L’idea dei Fondi Welfare – funzionanti ad accumulazione reale a collegati a polizze assicurative collettive per la copertura dei grandi eventi – è nuova e promettente. L’ultima parte del volume ne descrive le proprietà e arriva a tratteggiarne un disegno che, con l’aggiunta di qualche altro dettaglio, potrebbe in sè per sè avere avere già vesti operative. Sarebbe interessante discuterne direttamente con gli operatori di mercato, con le unità di sviluppo delle compagnie assicurative e con i principali fondi pensione.

Ma gli scogli più difficili a me non sembrano riguardare il disegno dello strumento (già chiaro e convincente nell’analisi di Nicola). Le difficoltà maggiori riguardano tutto ciò che sta attorno al Fondo Welfare a cui il Fondo Welfare va raccordato: i cambiamenti nell’assetto corrente dei welfare system, il ribilanciamento tra le loro voci di spesa, la riforma della fiscalità dei pilastri di welfare privati con impegni alla convergenza tra Partner Ue (Nicola ne parla), la cornice regolatoria con particolare attenzione alla governance del Fondo Welfare (trasparenza, solidità della gestione finanziaria, economicità dell’amministrazione, vigilanza prudenziale e preventiva), il coordinamento internazionale nella regolazione e supervisione.
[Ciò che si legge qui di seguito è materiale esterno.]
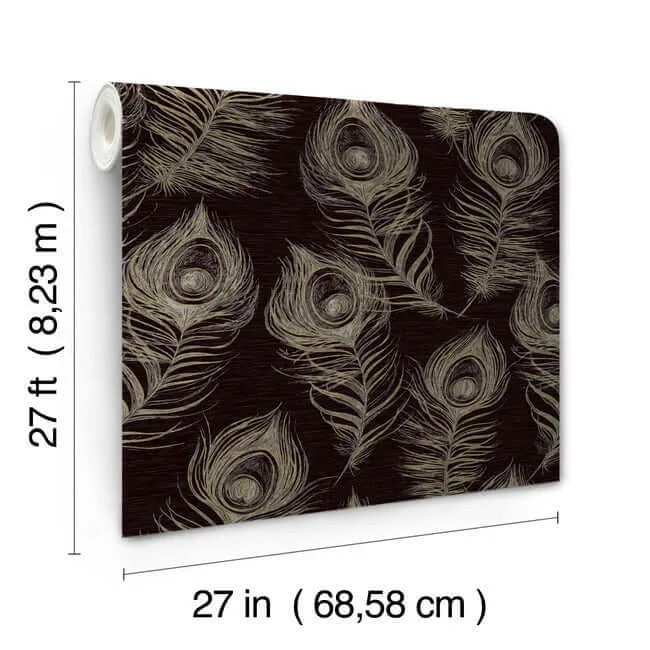 Candice Olson Regal Peacock - Black Wallpaper | Buy Online Candice Olson Regal Peacock wallpaper, color Black, SKU EV3942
Se l’obiettivo è quello di massimizzare i frutti di investimenti produttivi su orizzonti medio-lunghi (la definizione di gestione patrimoniale previdenziale per antonomasia), il “campo di azione” dei Fondi Welfare non può di sicuro esser relegato nei confini nazionali. La prospettiva deve essere europea o, meglio ancora, globale, per riuscire a guardare alle realtà mondiali che hanno davanti le potenzialità di crescita più elevate, che spesso sono le stesse realtà che hanno solo in tempi relativamente recenti avviato processi di industrializzazione, e che si trovano a vivere fasi demografiche diverse dall’Occidente (sono più giovani dell’Occidente per varie ragioni).
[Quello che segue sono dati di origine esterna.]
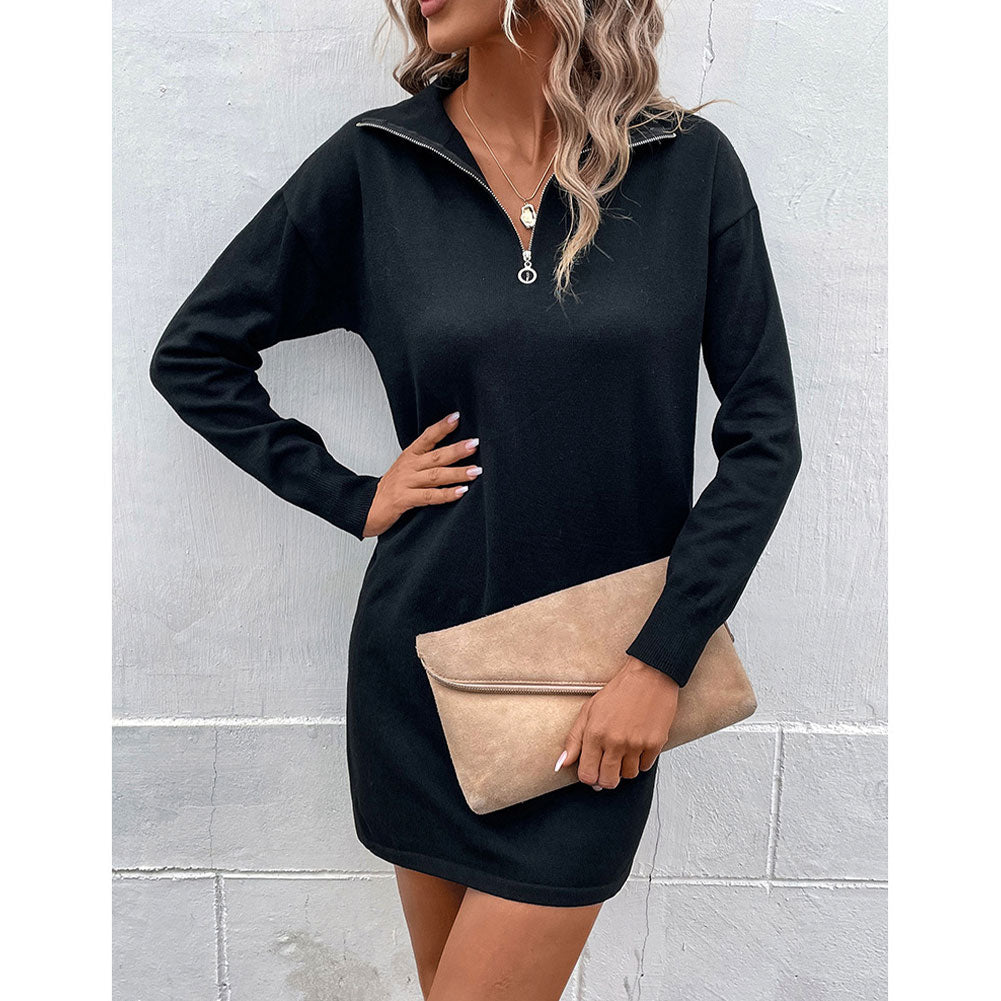 Alternative view of Long-sleeved Solid Color Lapel Zipper Sweater Dress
Ma quanto più ampio il “campo di azione”, tanto più urgente, anzi obbligatoria, l’esigenza del coordinamento sovranazionale della cornice regolatoria e delle pratiche di sorveglianza. Ed è soprattutto su queste mie ultime riflessioni che spero, e mi aspetto, che Nicola continui il suo lavoro di analisi e di proposta, sia nel nuovo spazio che ha di recente inaugurato (Reforming.it), sia attraverso le collaborazioni che lo vedono protagonista già da tempo, a cominciare da quella con l’Associazione Europea del Nuovo Welfare di cui mi fregio di esser direttore.